Rob Saunders, deputy director for the challenge project at UK Research and Innovation, added: “We all need energy systems that are cheaper, cleaner and consumer-friendly.
“We have a great opportunity with these demonstrators to show just how innovation can deliver this energy ambition for the future.
“Supported by the Industrial Strategy Challenge Fund, these projects can drive investment, create high-quality jobs and grow companies with export potential.”
Smart energy systems demonstrators
The projects must demonstrate new, smarter, local energy approaches at scale, which can:
Provide cleaner, cheaper, more desirable energy services for the end user
Lead to more prosperous and resilient communities
Prove new business models that are suitable for investment and can grow and replicate in the 2020s
Provide evidence on the impacts and efficiency of novel energy system approaches by the early 2020s
The funded demonstrators are:
The Energy Superhub Oxford
The £41m Energy Superhub project will be built in Oxford to host the world’s largest commercial hybrid energy storage facility.
It will feature the world’s first transmission-connected 50 megawatts (MW) lithium ion and redox-flow hybrid battery systems, with the aim of balancing more intermittent renewable energy on the grid.

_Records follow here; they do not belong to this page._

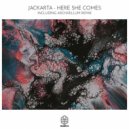 Jackarta - Here She Comes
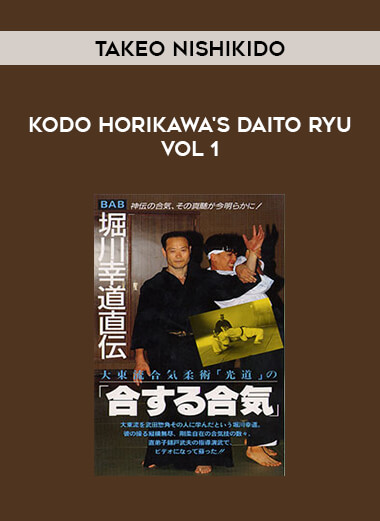 TAKEO NISHIKIDO – Kodo Horikawa's Daito Ryu Vol 1 from https://illedu.com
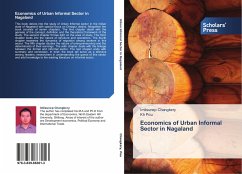 Economics of Urban Informal Sector in Nagaland - Changkery, Imlisunep;Pou, Kh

There will also be the potential for up to 100 electric vehicle rapid charging points installed across the city to encourage a greater uptake of clean cars and the electrification of public transport.
A network of 320 ground source heat pumps will be installed within or nearby social housing developments to help residents conserve energy and save money by controlling heating with their smart phones.

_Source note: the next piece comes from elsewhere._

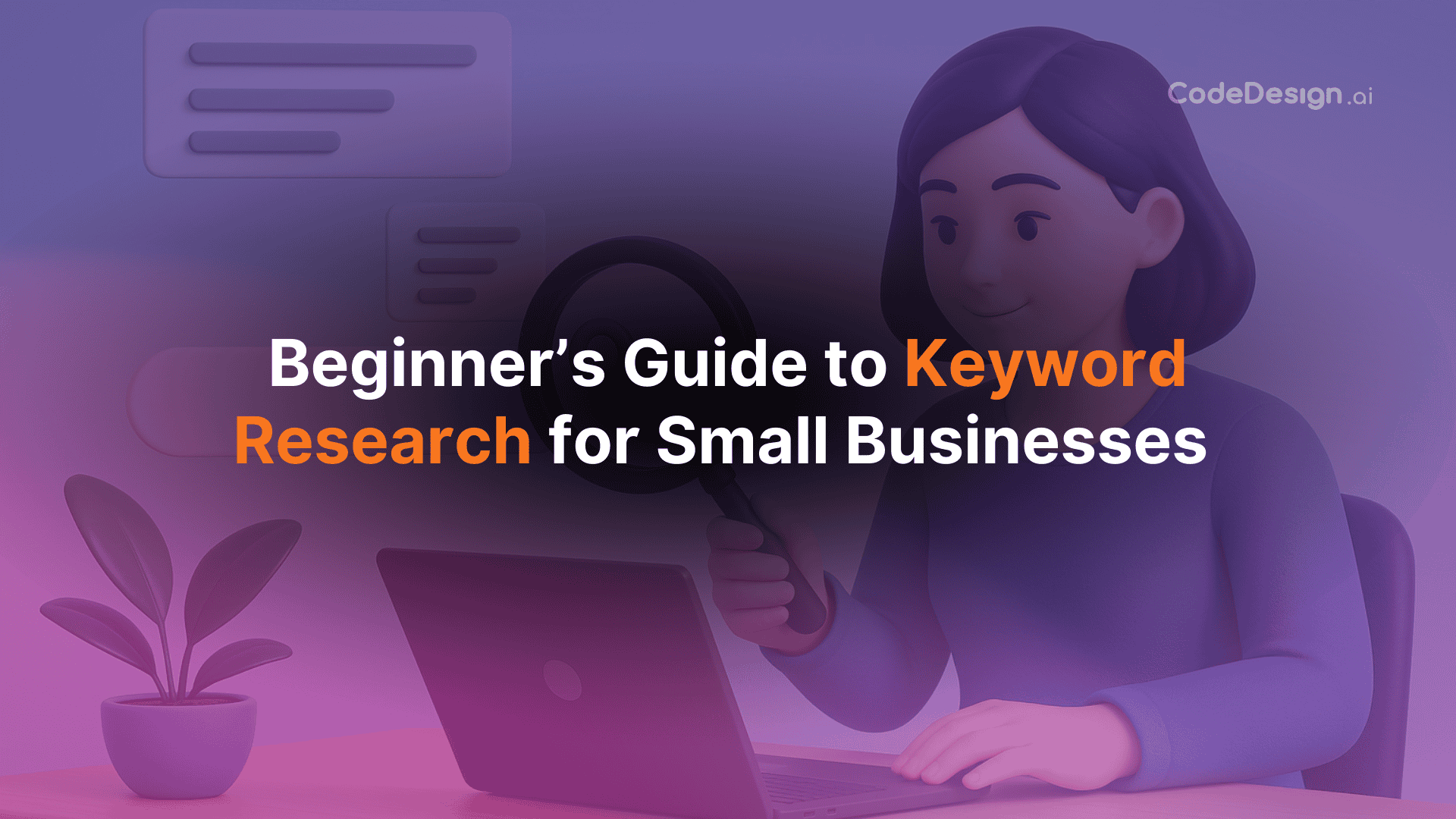 Beginner’s Guide to Keyword Research for Small Businesses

Artificial intelligence and cloud-hosted software will use algorithms to forecast and optimise energy supply and demand – which the project leader hopes will be reduced by 25% each year – as well as manage battery degradation.
A consortium led by London-based energy firm Pivot Power – also including Habitat Energy, Kensa, redT Energy and the University of Oxford – will work with Oxford City Council to lead the project.
It will support the city’s efforts to create the world’s first zero-emission zone by 2020.
A pioneering virtual energy system will be created in Orkney, an archipelago off the north-eastern coast of Scotland, in order to establish the “energy system of the future”.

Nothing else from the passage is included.